Plodder Lane engine shed was built by the LNWR to coincide with expanding its operations in the Bolton area in the 1870s and in particular the opening of a direct route from Bolton Great Moor Street station to Manchester via Walkden in 1875.

== History ==
The shed was built on a 5.85 acre plot north of Plodder Lane (now the B6199) and Plodder Lane station. The engine shed, 42 ft turntable, coaling and watering facilities were on the western side of the line, with a goods shed and yard on the eastern side. The shed was built in Ramsbottom's hipped-roof style and could accommodate twelve locomotives.

In 1890 work started to enlarge the shed's facilities. A six road shed in the standard northlight style was built adjoining the original engine shed, more than doubling the covered storage capacity.
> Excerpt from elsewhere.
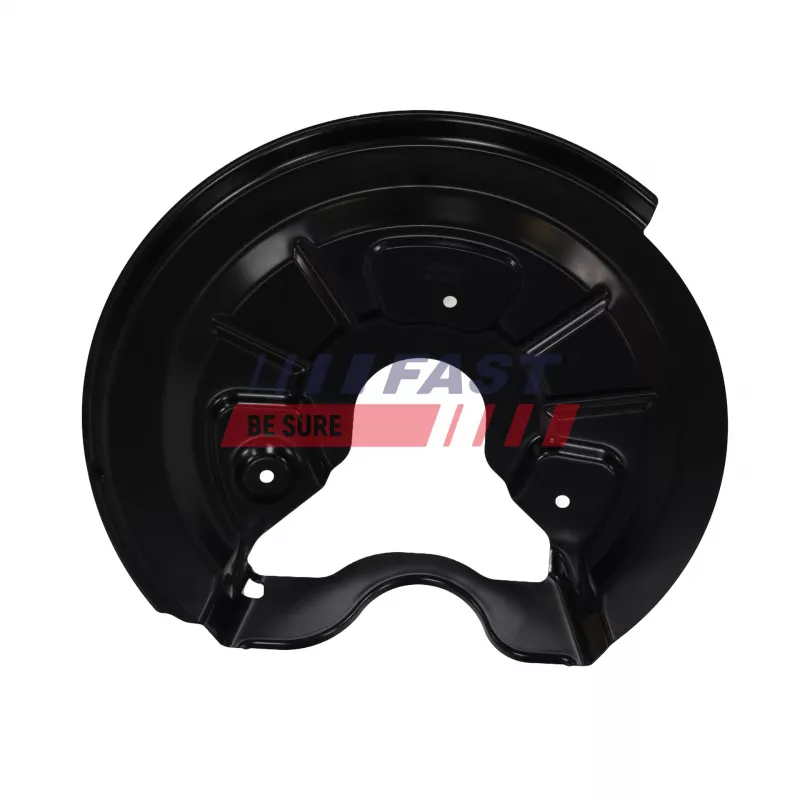 Déflecteur, disque de frein FAST FT02790 - Visuel 1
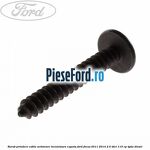 Surub prindere cablu actionare incuietoare capota Ford Focus 2011-2014 2.0 TDCi 115 cp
The turntable was moved to accommodate it and its tracks and the coaling and watering plant were replaced by a larger version. Minor adjustments were made in later years, but the basic facilities put in place in the 1890s hardly changed until closure in 1954.

In the 1930s the roof and one wall of the original shed were demolished as life expired and not replaced. The hand-operated 42-foot turntable was replaced by a 60-foot vacuum-operated version in 1938. During World War II an air raid shelter was dug and a distinctive aircraft spotter's hut was erected on top of the water tank.

Passenger services were reduced during the Second World War and thereafter. The Great Moor St to Manchester service took more than twice as long as the service from Bolton Trinity Street and intermediate traffic was slight, some with rail alternatives available such as at Walkden. The route to Kenyon Junction served small communities which either had other rail routes nearby or had more frequent and convenient buses. Bolton Great Moor St closed to regular passenger services in March 1954. Freight traffic was undergoing gradual decline and combined with the end of passenger workings left Plodder Lane shed with no role which could not be filled by other sheds such as Patricroft. Plodder Lane shed closed in October 1954.

The shed buildings and Plodder Lane station were demolished although the shed's water tank - minus lookout post - survived until the 1960s. The goods facilities on the other side of the tracks remained open until 30 January 1965.

All former LNWR lines in the Bolton area north of Howe Bridge and Atherton were closed by 6 January 1969.